The public's approval of the conservative Tea Party has reached a new low, according to a poll released Wednesday.
A CNN/Opinion Research survey showed that only 32 percent have a favorable view of the Tea Party, while 47 percent view it unfavorably. Seven percent said they have not heard of the Tea Party, and 14 percent said they have no opinion.
Those numbers are down from their high in April 2010, when favorability outstripped unfavorability 38-36 percent. The public also had a neutral view of the groups heading into the midterm elections — favorability and unfavorability were tied at 37 percent.
Despite the poll, Tea Party activists have been able to wield considerable influence over House GOP freshmen during the debate over spending, with many of the 87-member bloc pushing leadership for greater cuts.
But political observers have questioned whether the Tea Party, a major figure in the 2010 elections, could translate that influence into 2012 and beyond.
Out of the demographic groups polled, non-whites — a group that broke heavily for President Obama in 2008 —see the Tea Party in the worst light. Twenty-one percent said they view the group favorably, compared to 57 percent who have an unfavorable view.

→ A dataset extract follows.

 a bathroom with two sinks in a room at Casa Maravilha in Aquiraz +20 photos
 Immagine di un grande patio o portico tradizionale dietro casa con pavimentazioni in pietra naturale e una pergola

Democrats disapprove of the Tea Party at a greater rate than Republicans approve of it. Seventy-one percent of Democrats see it unfavorably, while 61 percent of Republicans view it favorably.
Independents' opinions (31-48 unfavorable) generally match those of the public at large.
The telephone poll of 1,023 U.S. adults was taken between March 11-13. The margin of error is 3 percentage points.